- **Source material**
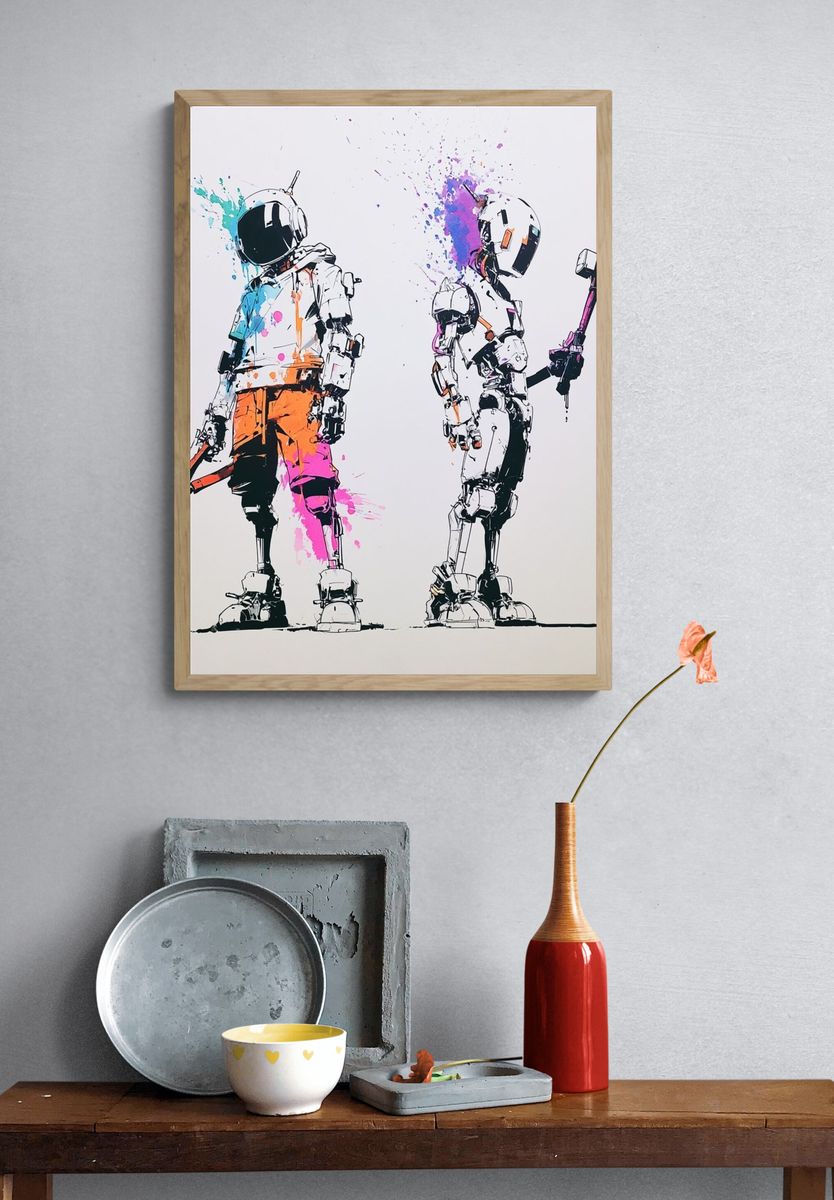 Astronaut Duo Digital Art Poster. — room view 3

--

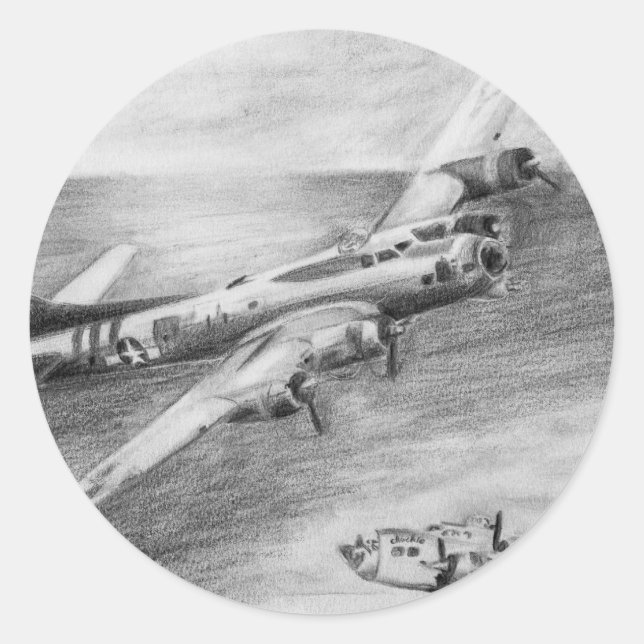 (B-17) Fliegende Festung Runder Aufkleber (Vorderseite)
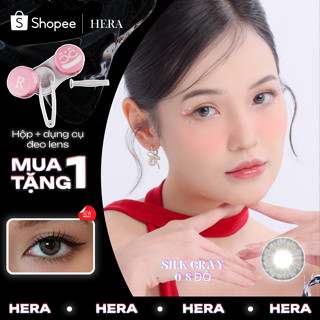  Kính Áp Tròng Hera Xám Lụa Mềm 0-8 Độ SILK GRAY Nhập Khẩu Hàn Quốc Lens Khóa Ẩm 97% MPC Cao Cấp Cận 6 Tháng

* * *

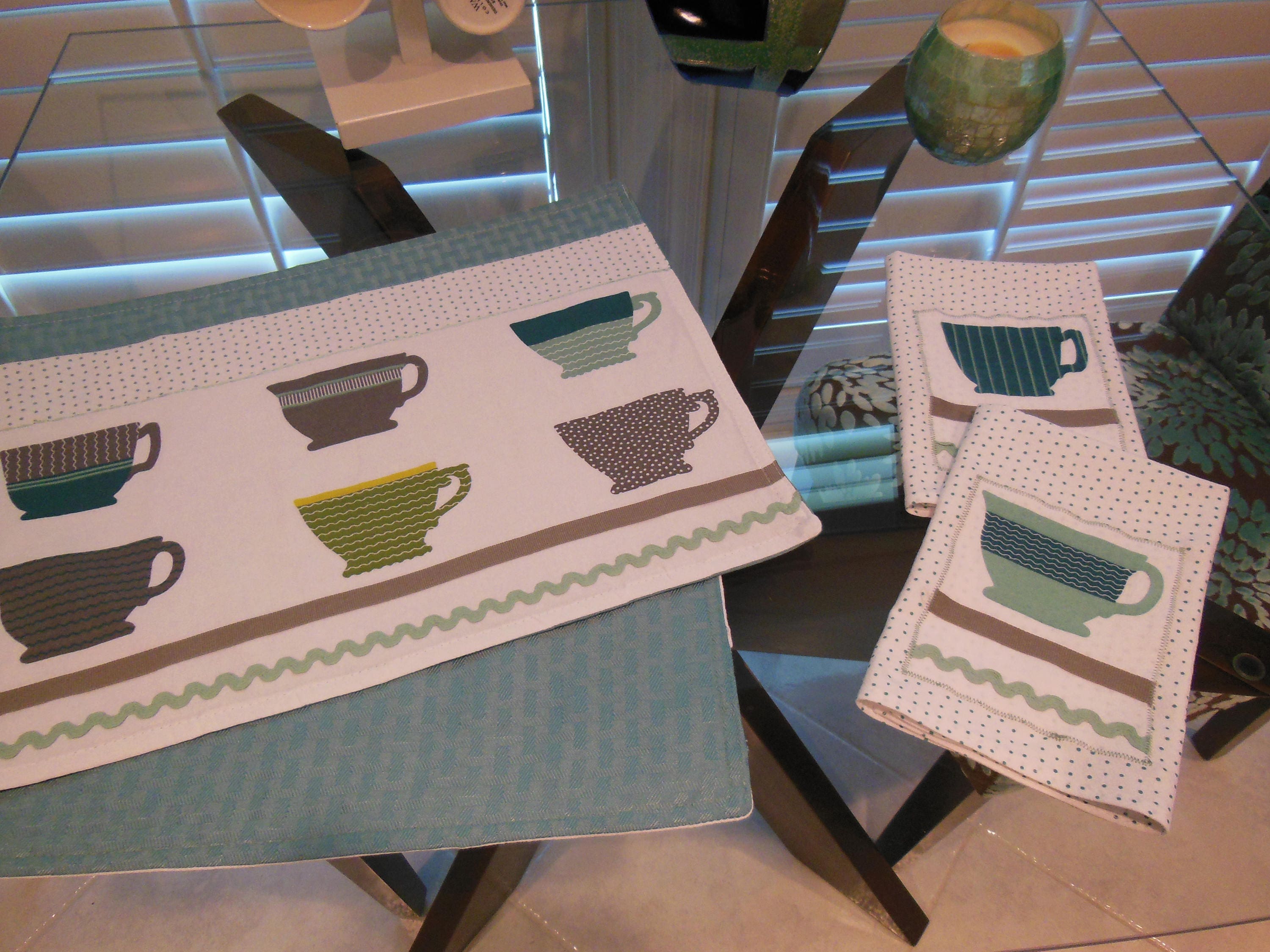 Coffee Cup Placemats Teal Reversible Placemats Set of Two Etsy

- **What is being asked**
In the entries above, find the line containing "(B-17) Fliegende Festung" and the line containing "Kính Áp Tròng"; give again exactly those two lines and every line between them, minus the pictures.

- **Response to the exercise**
 (B-17) Fliegende Festung Runder Aufkleber (Vorderseite)
  Kính Áp Tròng Hera Xám Lụa Mềm 0-8 Độ SILK GRAY Nhập Khẩu Hàn Quốc Lens Khóa Ẩm 97% MPC Cao Cấp Cận 6 Tháng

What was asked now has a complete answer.